The European Semester Autumn Package represents the beginning of the 2020 European Semester cycle of economic and social policy coordination.

Today, the Commission presents:

The Annual Sustainable Growth Strategy

The Annual Sustainable Growth Strategy (ASGS) is the Commission's main tool for setting the general economic and employment priorities for the EU at the beginning of each European Semester cycle.  

Those priorities will form the basis for the Country-Specific Recommendations addressed to individual Member States in the European Semester Spring Package.

The Annual Growth Survey is now the Annual Sustainable Growth Strategy. What does the new name bring?

The new name reflects the Commission's focus on a sustainable and inclusive economic model that will put people and climate first, as put forward by President von der Leyen's Political Guidelines.

This fresh emphasis is, in turn, reflected throughout the ASGS. The ASGS presents a rebooted growth model which focuses on the issue of sustainability and is built around the four dimensions of environmental sustainability, productivity gains, fairness and macroeconomic stability. These priorities will run throughout the entire Semester Process and – with the integration of the UN Sustainable Development Goals (SDGs) into the Semester – will ensure that the new growth model works for people and the planet.

What are the main priorities in the Annual Sustainable Growth Strategy?

The ASGS sets out a new strategy on how to address not only the short-term economic challenges but also the economy's longer-term challenges. These include the transition to a sustainable and inclusive economy, technological progress, sustainable solutions and demographic changes. This new economic agenda reflects the ambition of the European Green Deal. This agenda of competitive sustainability rests on four dimensions: environmental sustainability, productivity gains, fairness and macroeconomic stability.

All four broader strategic objectives are linked to specific policies and goals:

  • Environmental sustainability based on structural reforms, innovation and public and private investments in green technologies and sustainable solutions in virtually all sectors of our economy, from industrial production to transport, energy, and housing.
  • Productivity growth based on investments and structural reforms to foster research and innovation, the digitisation of all sectors, enhancing the functioning of product and services markets, providing the right skills to our workforce and a business environment conducive to growth.
  • Fairness based on equal opportunities, fair working conditions, a decent living, social protection and paying particular attention to the regions, industries and workers who will have to make the largest transitions.
  • Macroeconomic stability based on sound and sustainable public finances to ensure that fiscal policy can fulfil all of its functions, addressing imbalances and completing Europe's Economic and Monetary Union.
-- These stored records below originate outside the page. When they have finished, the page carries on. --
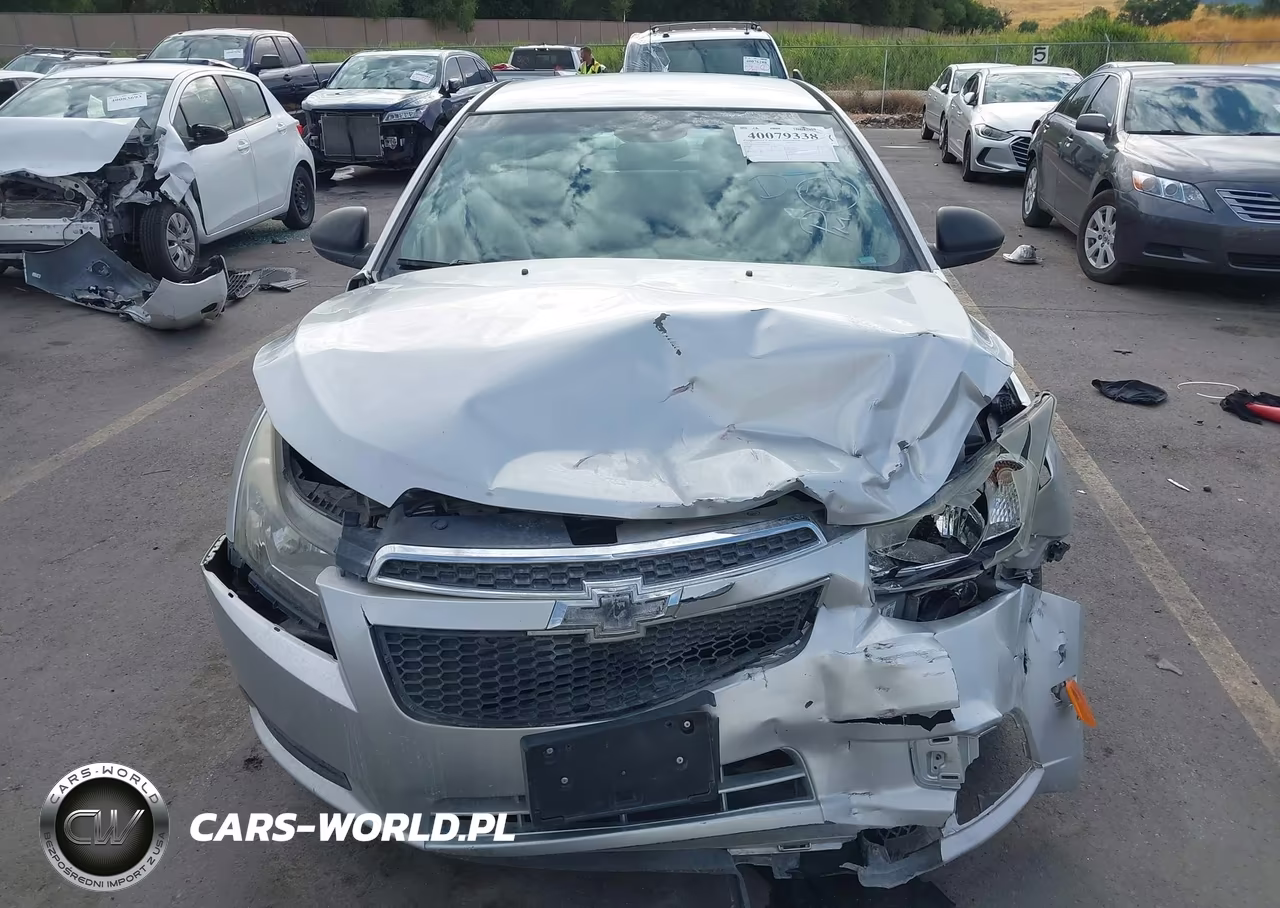 2013 Chevrolet Cruze Ls Auto VIN:1G1PA5SH9D7251990 - 12
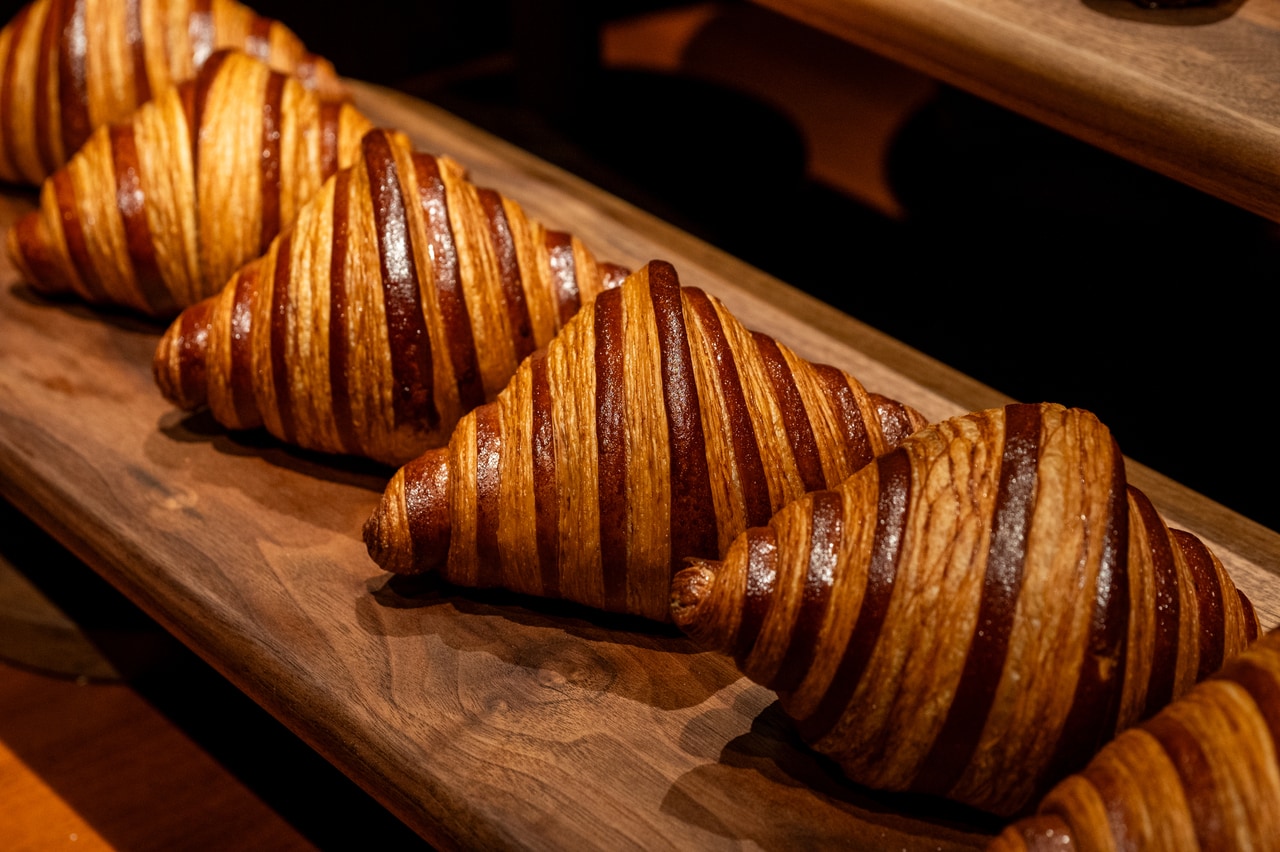 プレーンのクロワッサンも大人気。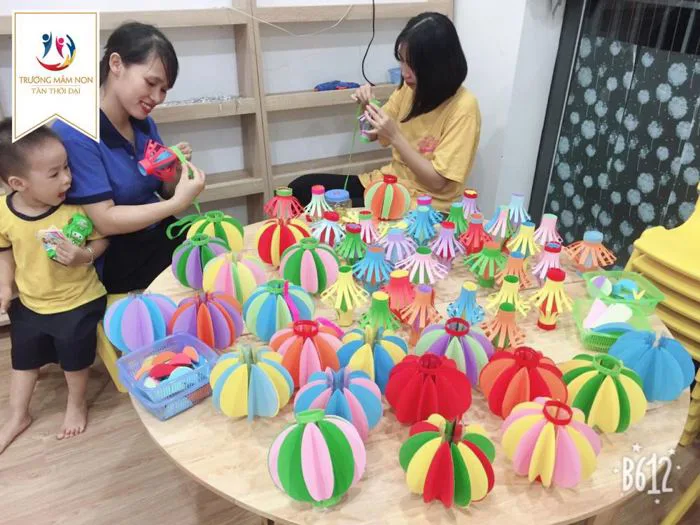 Trung thu đã về rất gần với cô và trò Trường Mầm non Tân Thời Đại
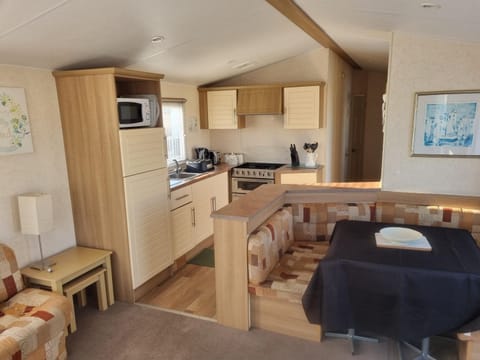 S460 8 BERTH CARAVAN ON THE GOLDEN PALM CHAPEL ST LEONARDS Apartment in Chapel Saint Leonards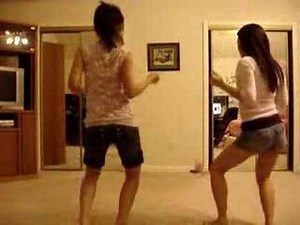 dj unk 2 step trisha and julie dancing 2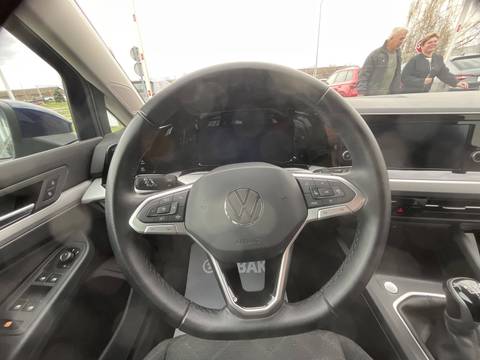 2024 Volkswagen Golf — sličica 25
How are the UN Sustainable Development Goals being integrated into the European Semester?

Integrating the objectives of the UN Sustainable Development Goals (SDGs) in the European Semester will put people and the planet at the centre of our economic policy.

The contribution towards achieving the SDGs will require contributions from all levels, reflecting the division of competences between Member States and EU institutions. As far as Member States' contribution is concerned, close coordination of efforts is necessary. Over the past decade, the European Semester has established itself as the key tool for the coordination of national economic and employment policies. As such, it can help drive these policies towards the achievement of the SDGs by monitoring progress and ensuring closer coordination of national efforts in the area of economic and employment policies.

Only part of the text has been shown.